Although released in 1989, the song dated from 1984 and was the oldest on the album. David Foster produced three McCartney songs that year at Hog Hill Mill – the others were the unreleased ‘Lindiana’ and the ‘Young Boy’ b-side ‘I Love This House’ – with David Gilmour on electric guitar and Dave Mattacks on drums.
Linda and I got married in Marylebone Town Hall in March 1969. I suppose I could have written something like ‘in the hall with the judge, we signed papers’, and just used very literal memories and simple descriptions. But I wrote this song many years after our wedding, and I started to think more universally, imagining every man and every woman getting married. It’s really the story of any marriage, not necessarily mine – though a lot of it could be mine.
‘Going fast/Coming soon/We made love in the afternoon/Found a flat/After that/We got married’. That does sound like a shotgun wedding. John was the first in our group to get married, and it was indeed a shotgun wedding. In those days it was more embarrassing than it is now. Nowadays, people don’t even bother getting married; there’s no particular reason why they should. But John found a flat in London, and he got married to his first wife, Cynthia. I’m pretty sure I was channelling them a bit here too.
The Lyrics: 1956 To The Present
‘We Got Married’ was completed at AIR Studios in London on 1 December 1988. The overdubs were Guy Barker’s trumpet solo, plus additional vocals, guitar, and percussion.
It’s part of the magic about writing songs that things just fall into your lap. I didn’t think hard about this song, but it came, and when it falls out sweetly like that you feel very lucky, very blessed. You often hear composers say, ‘It just came to me.’ It’s not my way to sit down to analyse it, but you do learn how to allow cadences and rhythms to come to you. I think ‘We Got Married’ is one, then, that – as they say – ‘just came to me’, and one always feels very lucky when that happens. You think, ‘Yeah, I’m gonna enjoy singing that.’
The Lyrics: 1956 To The Present
‘We Got Married’ was considered for single release, and a promotional video was made, but it was shelved.
It was, however, performed during the Paul McCartney World Tour in 1989-90. A recording from Wembley Arena on 16 January 1990 was included on that year’s Tripping The Live Fantastic.
A great song, ‘We Got Married’, for many it was the standout track on Flowers In The Dirt. But it wasn’t a single. It nearly was, but not quite. Capitol considered issuing it in the United States in 1990, when the World Tour was heading back to America for its first venture around the stadiums. Because of this, the label pressed up some promotional CD singles featuring an edited version of the album cut and MPL put together a promotional video. But then minds were changed and something else happened instead.
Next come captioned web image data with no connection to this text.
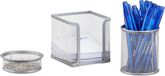 Merkloos Relaxdays Bureau-organizer van metaal, set van 3, zilver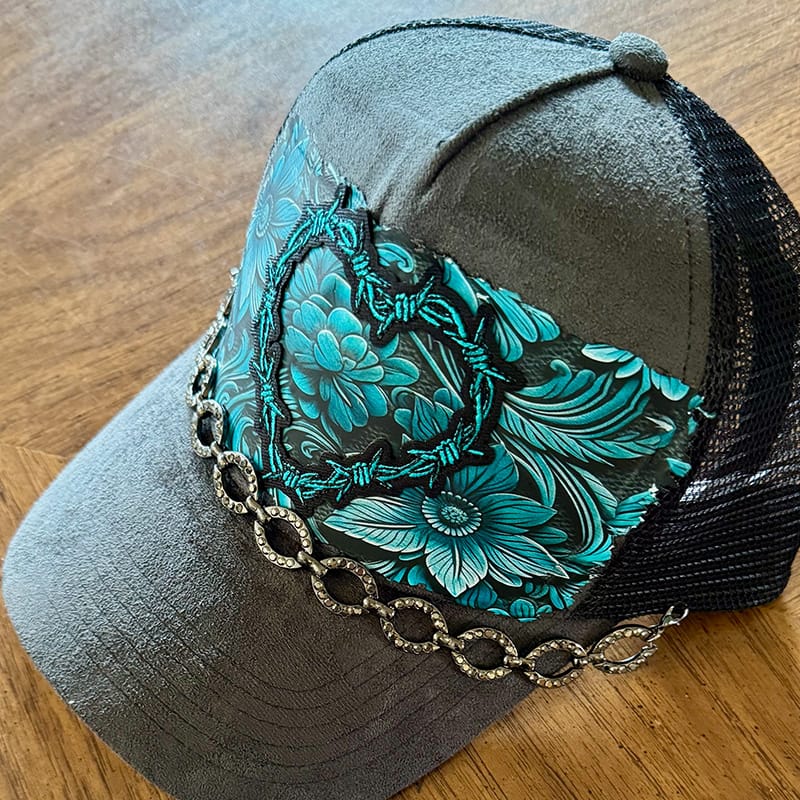 On A Whim Hats Barbed Wire Heart Handmade Vegan Suede Hat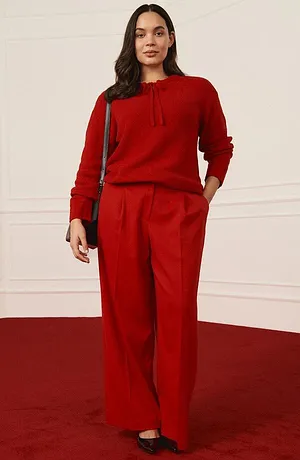 Žena - Svetr ze silnější pleteniny, s vázačkou - červená čili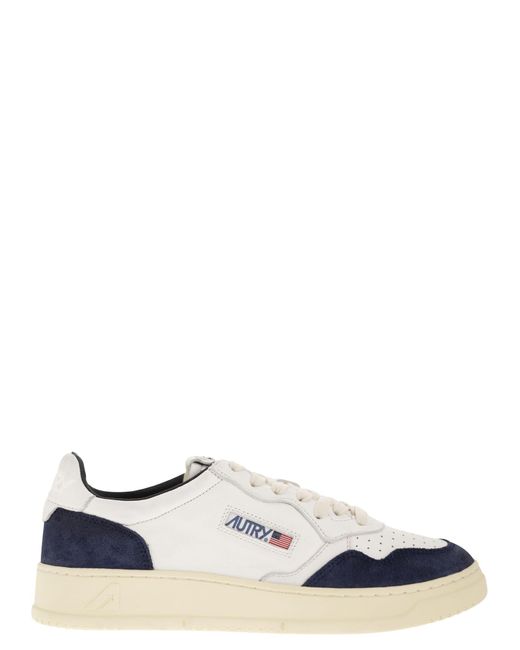 Autry White Medalist Low Sneakers In Goatskin And Suede for men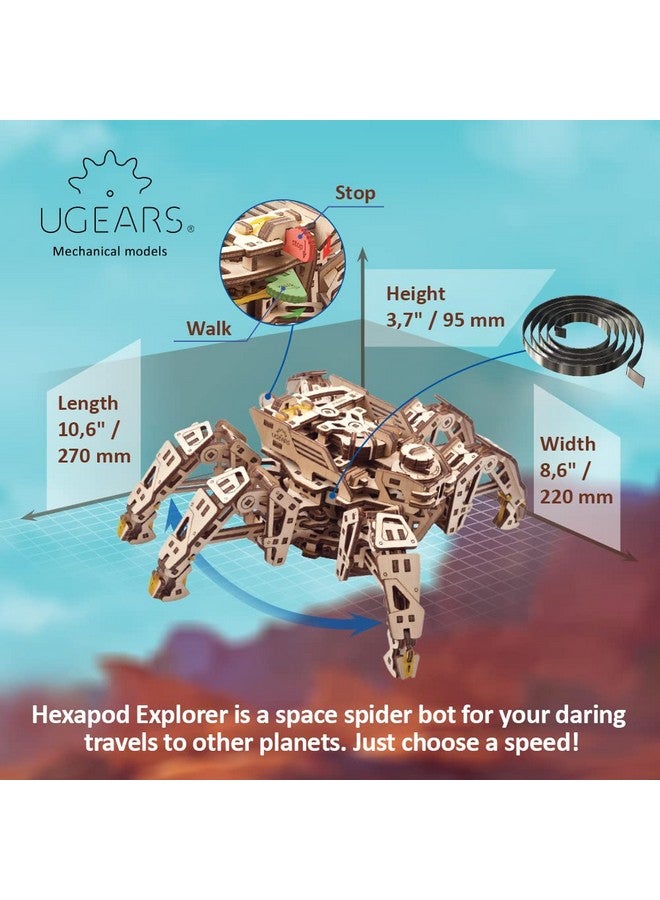 أوجيرز لغز UGEARS Hexapod Explorer ثلاثي الأبعاد - روبوت عنكبوت ميكانيكي بمحرك زنبركي قوي - ألغاز خشبية ثلاثية الأبعاد للكبار والصغار مجموعة ألغاز روبوت خشبية ثلاثية الأبعاد (يصل طولها إلى 10 أقدام) - Image 4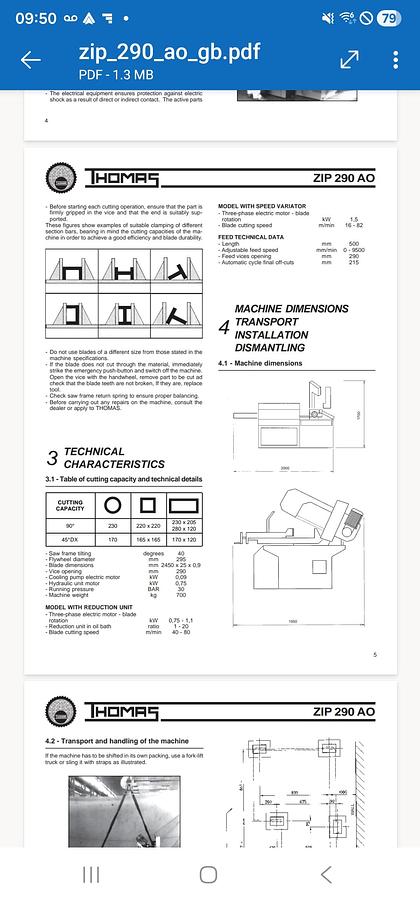 Used THOMAS ZIP 290  AUTOMATIC HORIZONTAL BANDSAW
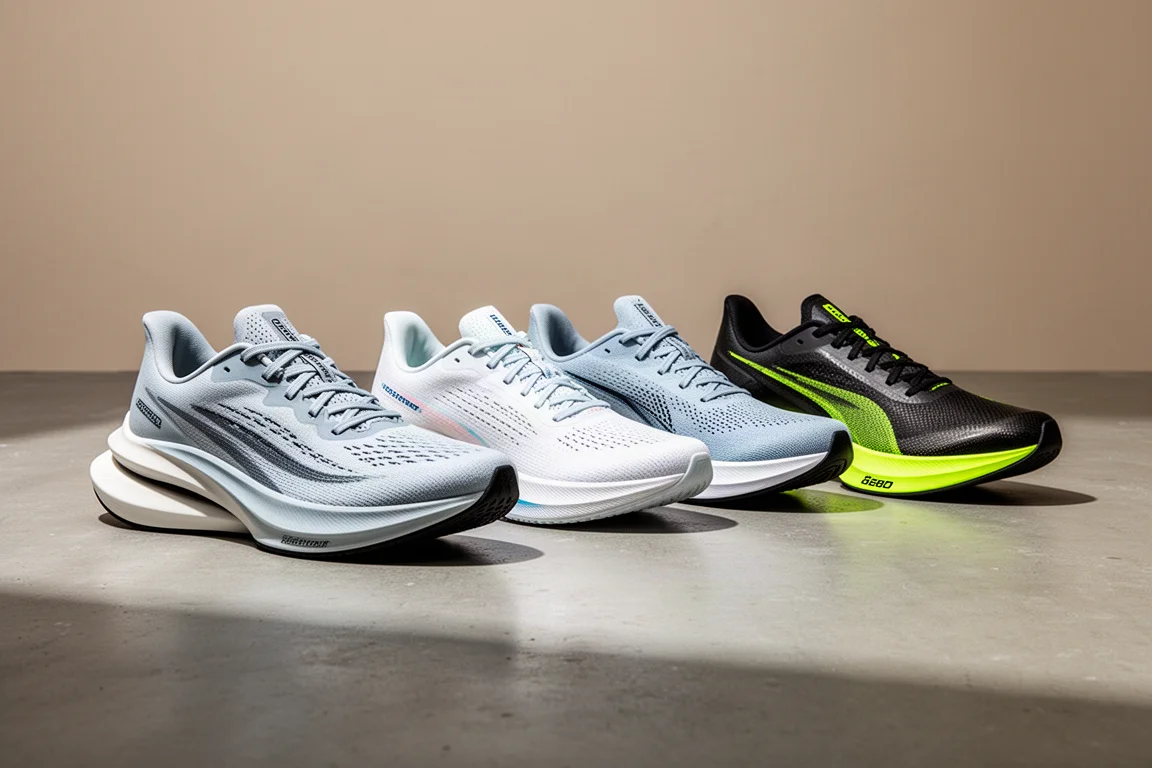 Lineup of modern running shoes of varying stack heights on a concrete surface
So the video for ‘We Got Married’ is another of rarities in the McCartney archive: well worth looking at but scarcely seen – hence a prime contender for another look-see in this column.
Directed by Aubrey Powell, produced for Propaganda Films by Steve Swartz and edited by Todd Chestnut (that must be an American name), the ‘We Got Married’ film prominently features in concert and on-stage footage. These terms do have different meanings, incidentally, for, while in the USA, Paul and Band took time out to perform more or less an entire show before a minimal audience, not as an advertised tour date but expressly so that close-ups and other camera angles could be shot for insertion into concert films. Knowing that nothing can irritate an audience as much as cameramen clambering all over the stage, obstructing the view and distracting the concentration, Paul realised it would be a good idea if the director get all of his fancy shots done in a private “mock up” show instead.
Like other films of the same era and ilk, ‘We Got Married’ also shows some off-stage moments: long limousines in the falling rain, fans wielding flowers, flocking to the concert venues and waiting on line outside the arenas, photographers jostling for the best pictures, and, highly appropriately, momentary monochromatic glimpses (from the deservedly popular pre-show film) of Paul and Linda on their wedding day – the silver anniversary of which, it would be remiss of us not to note, was celebrated this year, 1994.